Brett Kavanaugh is 53 years old. He is a son, a husband, a father, and a Supreme Court nominee. He is also, quite possibly, a sexual harasser.
In the past two weeks, allegations of sexual misconduct have surfaced during Judge Kavanaugh’s nomination hearings that threaten to throw his confirmation off-course. Dr. Christine Blasey Ford, a professor at Palo Alto University in California, has accused her former high-school classmate of attempting to assault her at a party. Julie Swetnick, another classmate, submitted an affidavit stating that Kavanaugh had a history of date-rape drug use and gang-rape participation in the early 1980s. A fellow Yale alumnus named Deborah Ramirez chimed in that an unsolicited Kavanaugh exposed himself to her in 1983. Kavanaugh’s compatriots are quick to point out that all three allegations date back more than thirty years. Should a grown man really be judged by his poor teenaged decisions?
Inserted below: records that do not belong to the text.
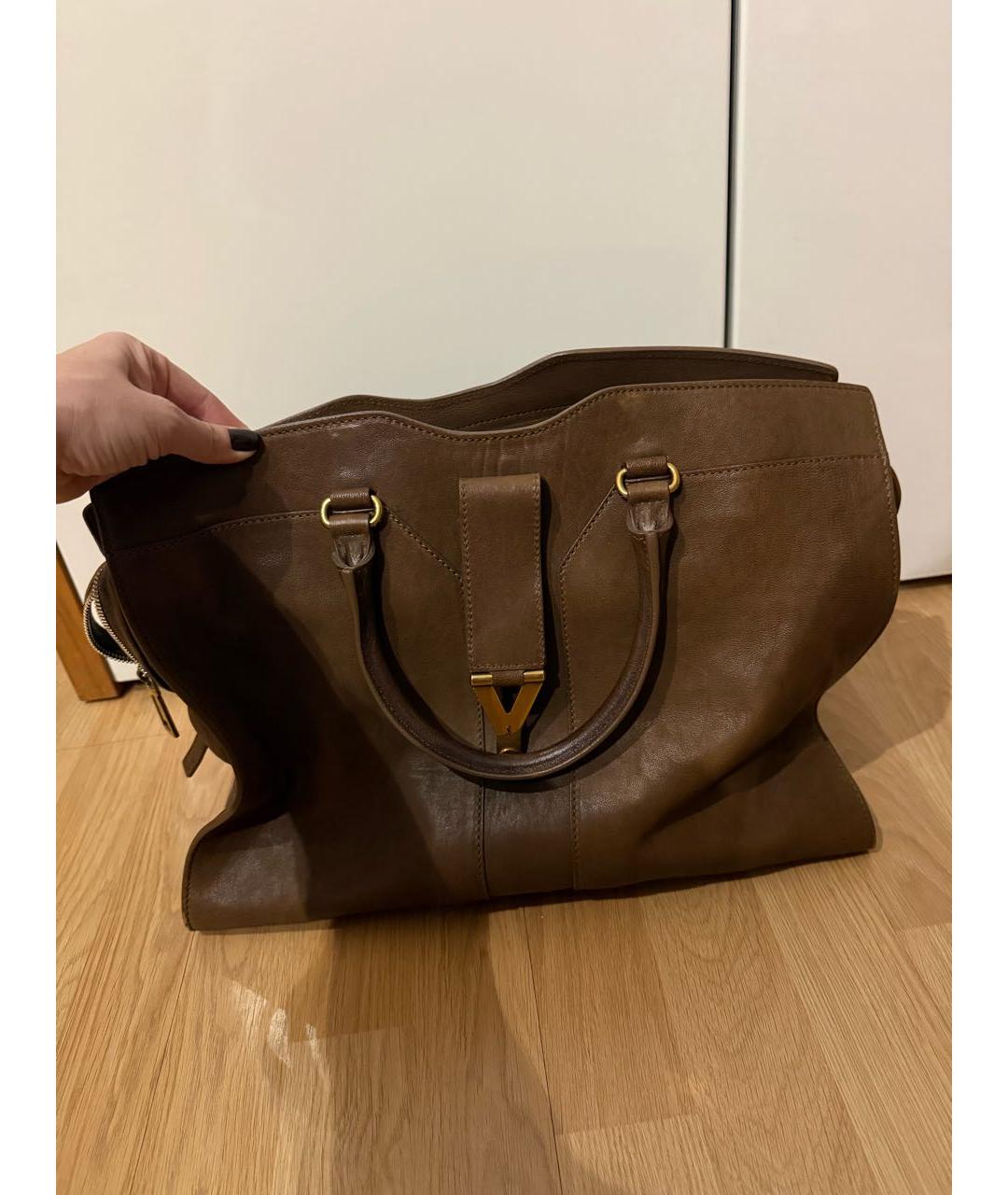 SAINT LAURENT Коричневая кожаная сумка с короткими ручками, фото 9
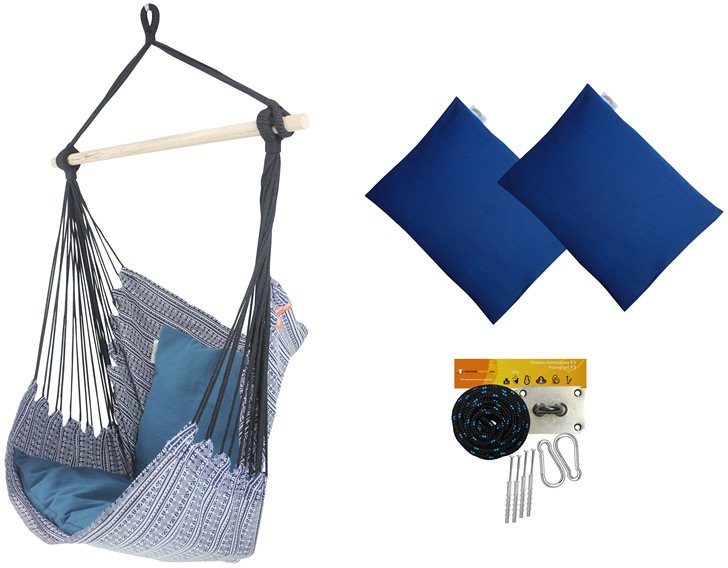 Fotel hamakowy z poduszkami i zestawem montażowym, Granatowy Etno + HP-113 + koala/fix/ch2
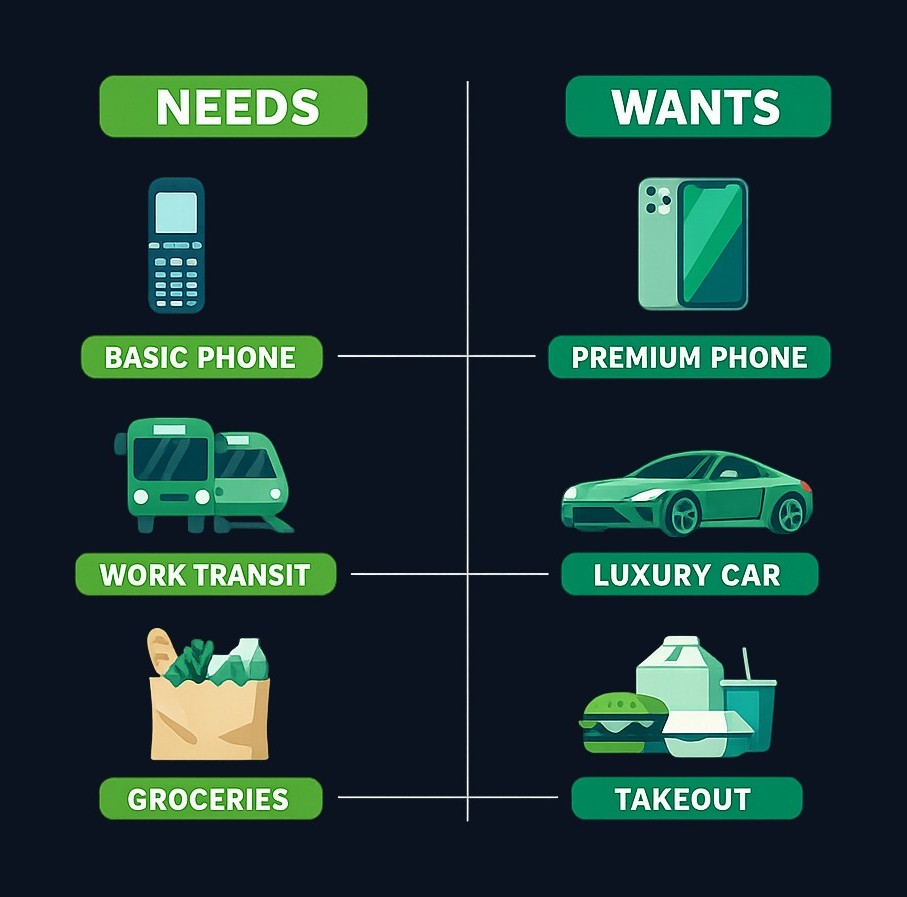 The same expense category can contain both needs and wants. A basic phone plan for work is a need; a premium device upgrade is a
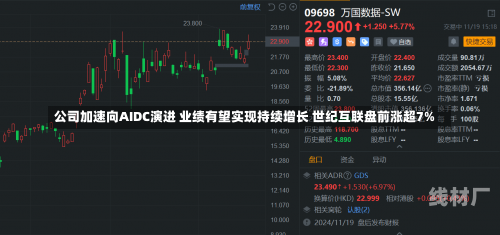 公司加速向AIDC演进 业绩有望实现持续增长 世纪互联盘前涨超7%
It’s a relevant question for Kavanaugh’s peer group, pondering the choices that they wish they could change, but I would argue that the matter holds the most relevance for the college students of today. If your worst decision now would impact the rest of your life, how would you act differently?
In 1983, Brett Kavanaugh stood in roughly the same position as most Villanovans: he was a smart young college student with a future that felt light years away and a party to go to that night. Like us, Kavanaugh had put in the hard work required to attend a prestigious university and eagerly seized an opportunity to take a break from his rigorous coursework and spend time with friends. He had been raised with the same Catholic moral values that guide our own community, and attributes much of his later success to these ideals. Yet, if Deborah Ramirez is to be believed, his actions at this party divorced sharply from any ideas of ethical conduct. The conditions that led to Kavanaugh’s indiscretion that night are the same conditions that foster absuive decisions on our own campus today.
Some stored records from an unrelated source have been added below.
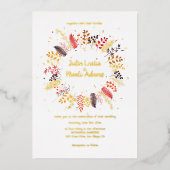 Wild Paddenstoelen Bos Bloem Varen Bladgroen Bruil Folie Uitnodiging (Voorkant)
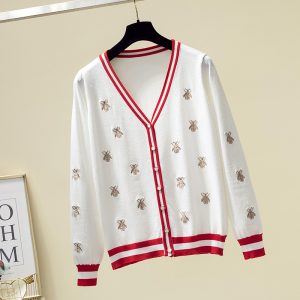 Early autumn new style bee embroidery thin ice silk commuter sweater small fragrance wind top coat sweater tide cardigan women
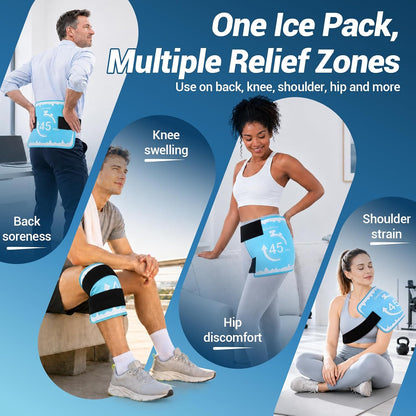 Comfytemp 45Min Long-Lasting Ice Pack for Injuries Reusable | Large Gel Cold Pack with 2 Detachable Straps, Flexible Ice Pack Wrap for Back Shoulder Knee, Hot Cold Compress, 11"x15"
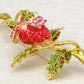 Gold Red Green Romantic Rose Flower Leaves Brooch Pin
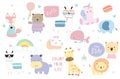 Cute pastel animal icon with fox,bear,llama,unicorn,lion,giraffe,hippopotamus,cat,elepahnt and rainbow Royalty Free Stock Photo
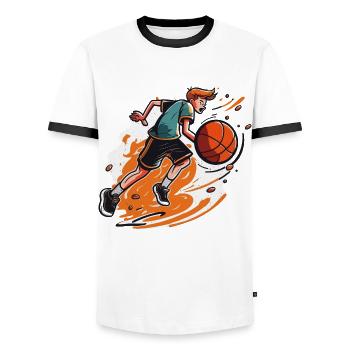 Joueur professionnel de basketball avec une vitesse maximale - T-shirt contrasté Homme - blanc/noir - Devant - AI Model Female 172 light (172cm) & AI Model Male 178 dark (178cm)
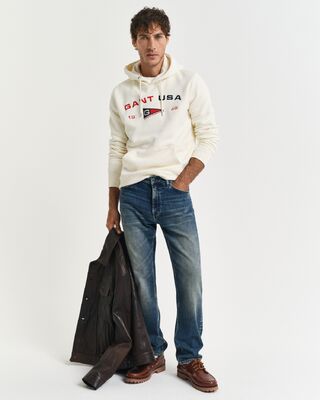 Gant luonnonvalkoinen regular fit collegehuppari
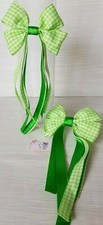 M&auml;dchen Haarschulzubeh&ouml;r, Handarbeit, Gingham Schleife, Langschwanz Ponios, Bommeln
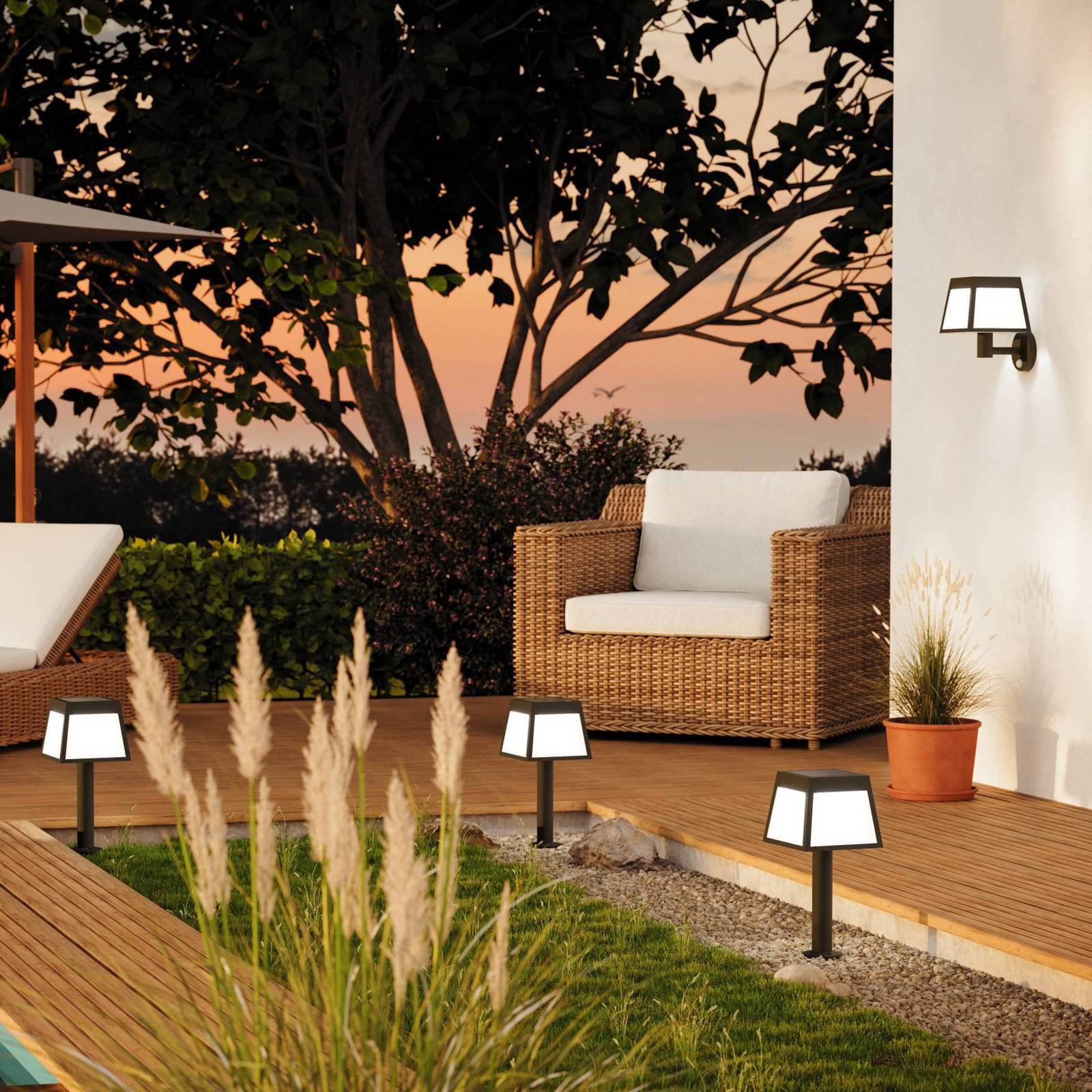 EGLO Solar-LED-Sockelleuchte Altilia, Höhe 56 cm, schwarz, Sensor Altilia, schwarz, Kunststoff, Modern, Solarleuchten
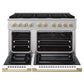 ZLINE Autograph Edition 48 in. 6.7 cu. ft. Marino Double Oven Gas Range with 8 Burner Cooktop in Satin Stainless Steel with White Matte Doors and Champagne Bronze Accents (MGRSZ-WM-48-CB)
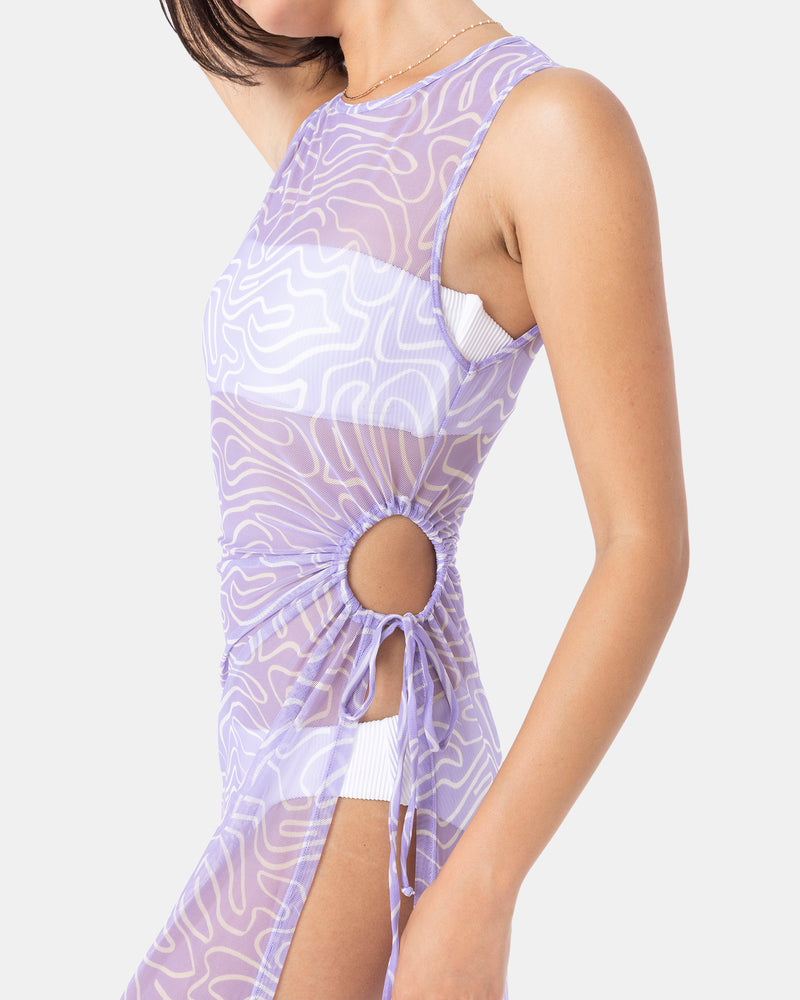 Roxy Sunshine State of Mind Open Side Mesh Cover Up Dress - Lavender
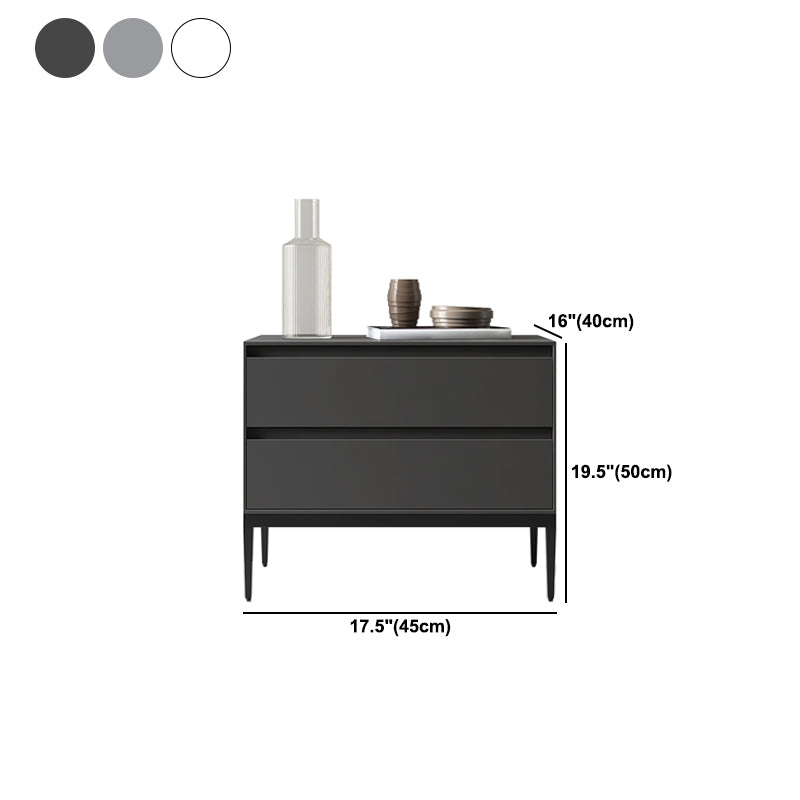 20" Tall 2 - Drawer Nightstand with Metal Legs Glam Night Table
First, the 18-year-old was no stranger to privilege. His own hard work can be attributed to his admittance at Yale, but there’s no denying the leg up afforded by eight years of private education followed by Jesuit boarding school. He had grown up in Bethesda, Maryland, an affluent suburb bordering Washington, D.C., and his parents were both in the legal profession. When it came time to pay for Yale, the Kavanaughs certainly had it easier than most. At private colleges like Villanova, whose steep tuitions increase exponentially from one year to another, you’re likely to find many students who can easily relate to the kind of upbringing Kavanaugh enjoyed. This is not to say that wealth or privilege are inherently villainous, but it underlines a significant point: young, impressionable Kavanaugh was not accustomed to hearing the word “no.” Further, there was no reason for him to believe his actions would have far-reaching consequences; if need be, he could call upon his influential parents and his impressive academic credentials to get his career off on the right foot. Money can’t buy everything, but it can buy the sort of future security that many on our own campus can anticipate, and the idea of amnesty later can make it much easier to reconcile immoral choices now.
Second, Kavanaugh surrounded himself with a peer group, and a culture, that corroborated the mistreatment of others. Later in his freshman year, he would pledge and join the Delta Kappa Epsilon fraternity. More recently, Yale’s chapter of this fraternity earned national notoriety (and a five-year campus ban) for chanting “No Means Yes, Yes Means A****” outside the women’s dorm; this same culture of misogyny was pervasive during Kavanaugh’s time, when pledges would customarily break into their female classmates’ rooms and steal underwear to display on campus as part of their “hazing” initiation. Although Kavanaugh was not yet a brother during the time of Ms. Ramirez’s alleged assault, it’s clear that he was already mingling with like-minded peers. Ramirez explained that Kavanaugh’s exposure was meant to be a “joke,” and young Brett had found the perfect audience to laugh along.
Phrased this way—a drunken mistake, a joke, a blight on one night but certainly not a lifetime—the actions of Brett Kavanaugh sound much less like those of a monster, and much more like another funny story from last Saturday night on campus. Only when it is carried through 30 years, heard in the voice of its victim, and amplified by the drama of a Senate hearing can we understand the accusation as the severe misdemeanor it really was. Regardless of any maturation Kavanaugh has done in the convening three decades, the allegations of his past victims have severely damaged his bid for the Supreme Court and utterly dissolved a lifelong belief in his security from professional consequence.
It is my opinion that we on the Villanova campus would be better dissolving this belief in ourselves before ever making our own large-scale mistakes. Ours is an opportunity that Brett Kavanaugh and many others would kill for: to live our young lives with care, beholden if not to our own honor than to our own self-interests. Let’s use it to support, and not harass, our classmates. Everybody knows that a joke isn’t funny when you have to explain it, particularly when this audience has a hand in deciding your future.